(Emily M. Rasinski ~ Post-Dispatch)
Finklang, 27, was in good enough shape to run about 50 miles a week. He just started a new job as an accountant and was pricing rings to propose marriage to his girlfriend.
But during a run last August, he developed chest pains. His father had heart problems some years earlier. But his father was older, in his 50s. Finklang was young and healthy. So he waited a week. The pains didn't go away.
"I didn't have a primary care physician, so I went to an urgent care office," Finklang said. "They took an X-ray."
A physician told him it was probably a strain.
"He told me to take it easy a little bit, stretch and take [ibuprofen]," Finklang said. "That's what I did and the pain went away."
Four days later, a senior physician from the urgent care center called. He had double-checked Finklang's X-rays. "He told me there was a mass in my chest and I needed to see a doctor," Finklang said.
A biopsy came back as testicular cancer, a mass about the size of a grapefruit.
"I'd only heard of it from what I'd heard about Lance Armstrong," he said.
The other jolt was that he had a form of testicular cancer that develops outside of the testicles. He also had three small tumors in his abdomen -- no cancer in his testicles.
Dr. Bruce Roth, of Siteman Cancer Center's oncology division, said cancer experts believe that cells in a male embryo shift from one place to another, where they'll become part of the reproductive system. But some cells get left behind; those sometimes -- albeit rarely -- develop into cancer.
If there can be good news about a cancer diagnosis, testicular cancer is curable.
There are several forms of testicular cancer. The most common is detected by finding irregular growth or a heavy sensation in the testicles and scrotum. Often, there's no pain or other symptoms.
American Cancer Society data on testicular cancer show that:
* It's rare; about 9,000 men are diagnosed a year. It's the No. 1 cancer for men between the ages of 15 and 35 and occurs in men up to 54.
* The cancer society says that women play a major role in detecting their partners' testicular cancer.
* The survival rate when it's found early, is 100 percent. Found later, the survival rate is 80 percent.
* About 300 men die annually from testicular cancer because it wasn't detected until it spread to vital organs.
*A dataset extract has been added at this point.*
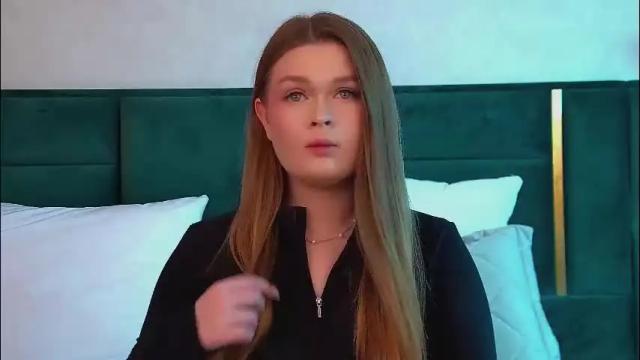 Thumbnail 3, crystallyons's Stream at Chaturbate, 1 month ago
"It's the perfect storm of a patient population that doesn't see a doctor on a regular basis, maybe doesn't have medical insurance, or is embarrassed to report it," Roth said. "All that together conspires against early detection."
There are two major forms of testicular cancer. The most common is in cells that produce sperm; it's also the form found outside the testicles. The other is cancer in cells that produce hormones.
There's no known cause -- not lifestyle, trauma, drug use or steroid use.
It's most common among white men, although any ethnic group can develop it.
Removal of the testicle is the most common remedy, Roth said. If the cancer is outside the testicle, it's treated conventionally, with surgery, chemotherapy or radiation.
Finklang opted for chemotherapy.
"Actually, I put myself in Dr. Roth's hands; he's the expert," he said.
Surgery could leave some cells behind, "and in a short time, we'd be right back here," Finklang said.
After three months of chemotherapy the mass in his chest reduced to about the size of a golf ball and those in his stomach disappeared, Finklang said.
"So Dr. Roth says he wants to monitor it before deciding on surgery or more chemo," Finklang said.
He's speaking out to warn other men not to be embarrassed or reticent about addressing testicular cancer or the aches and pains that seem minor at the time.
See a doctor, get checkups, Finklang said.
"No one is indestructible," he said.